Aún así, siempre —y ésto se acentuó con el tiempo— me sentí incómodo con toda la imagen y cultura de machismo (y homofobia) en torno al fútbol, que lastimosamente se hace presente y es mal visto como costumbre, como parte del mismo; en desmedro de todos los buenos valores que enseña el deporte, con la repetición constante de figuras discriminatorias que sólo mancillan su nombre.
El deporte es una de las creaciones humanas más representativas y preciosas. En países como el nuestro, también es un espejo social. El fútbol, en particular, iguala cualquier diferencia socio-económica, y muestra lo mejor y lo peor de nosotros.
Dos realidades muy opuestas se encuadran en el fútbol femenino y masculino. Mientras en el primero la bandera de la igualdad y el respeto es izada de manera orgullosa, con grandes jugadoras como Abby Wambach o Nadine Angerer siendo abiertamente lesbianas, sin que esto signifique un problema para sus exitosas carreras laureadas como campeona mundial y mejor jugadora del mundo, respectivamente; es imposible encontrar —al menos por ahora— correlativos en la misma disciplina en varones.

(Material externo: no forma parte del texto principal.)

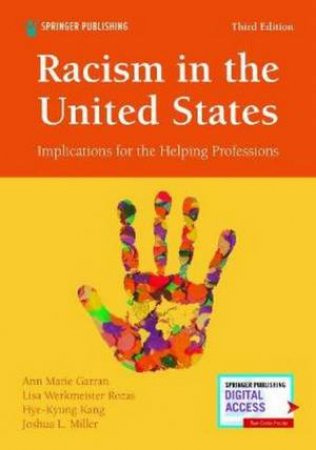 Racism In The United States, 3rd Edition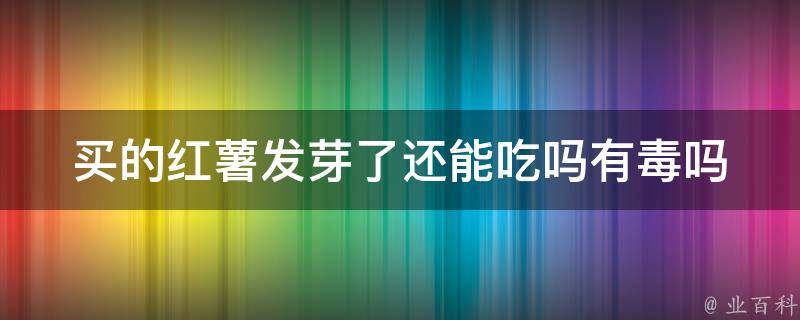 买的红薯发芽了还能吃吗有毒吗(专家解答红薯发芽的危害和正确处理方法)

David Jones, jugador del fútbol inglés, escribió una columna para el diario The Observer donde animaba a sus compañeros gays a salir del clóset. Incluso señalaba que sería hasta una victoria de marketing para muchos clubes. El escollo a vencer es la cultura machista que encuentra —en un mundo cada vez más igualitario, contra viento y marea— en sus últimos reductos al deporte.

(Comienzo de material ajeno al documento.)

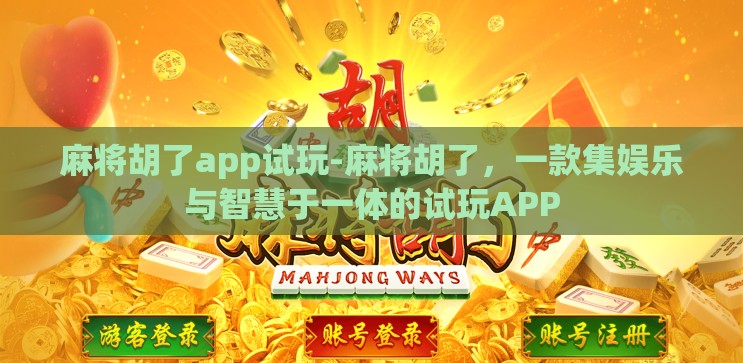 麻将胡了app试玩-麻将胡了，一款集娱乐与智慧于一体的试玩APP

Sobran ejemplos de la cultura misógina alrededor del balompié: Desde cánticos en las hinchadas, insultos, hasta desafortunadas declaraciones de los protagonistas que alimentan estereotipos y prejuicios violentos. Muros del lenguaje que siguen promoviendo discriminación.
Más hay signos de que el deporte no tiene que ser así: En España y otros países de Europa, por ejemplo, clubes se suman a campaña de visibilización por el respeto a la diversidad sexual. En otras disciplinas, como el básquetbol, Jason Collins se convirtió en el primer jugador en salir del closet una decisión doblemente valiente si se tiene en cuenta el contexto.

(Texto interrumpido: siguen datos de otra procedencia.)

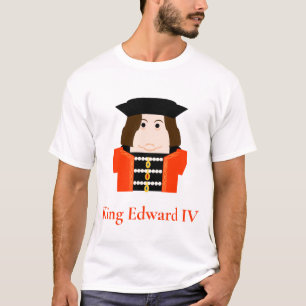 T-shirt Edward IV, Maison de York Roi d'Angleterre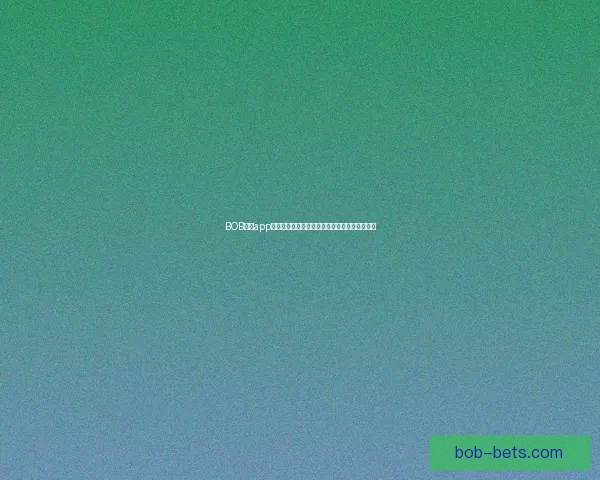 BOB体育app下载全新上线体验极速畅玩竞技赛事的平台指南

Las Olimpiadas de Río de este año serán históricas con los cambios en el reglamento que permiten a los y las atletas trans participar sin necesidad de operarse. Así, el deporte —que ya ha sido escenario de batallas en pos de la igualdad de género y contra el racismo, siendo el caso más sonado en los últimos tiempos el pedido de igualdad salarial entre jugadoras y jugadores de fútbol norteamericanos— se suma al inevitable cambio positivo en la visión del mundo respecto a los derechos LGBT.
El deporte —y aquí, en específico, mi fútbol tan querido— puede convertirse también en un agente de cambio social. Por los miles de deportistas LGBT, y por una sociedad más saludable. Por sacarle la tarjeta roja de una vez por todas a la homofobia y el machismo, en las gradas y en las canchas. Desde esa convicción es posible generar en diferentes espacios iniciativas que promuevan un lenguaje y pensamiento mucho más tolerante admitiendo la diversidad y un cambio de visión en pos del respeto mutuo.
Sin embargo, la interrogante prevalece:
¿Cuánto faltará para ver el primer jugador de fútbol en actividad salir del closet?
La respuesta y el tiempo depende del compromiso mancomunado de generar un ambiente mucho más amable y comprensivo para facilitarlo. Y significa, a fin de cuentas, derribar los últimos muros que nos quedan.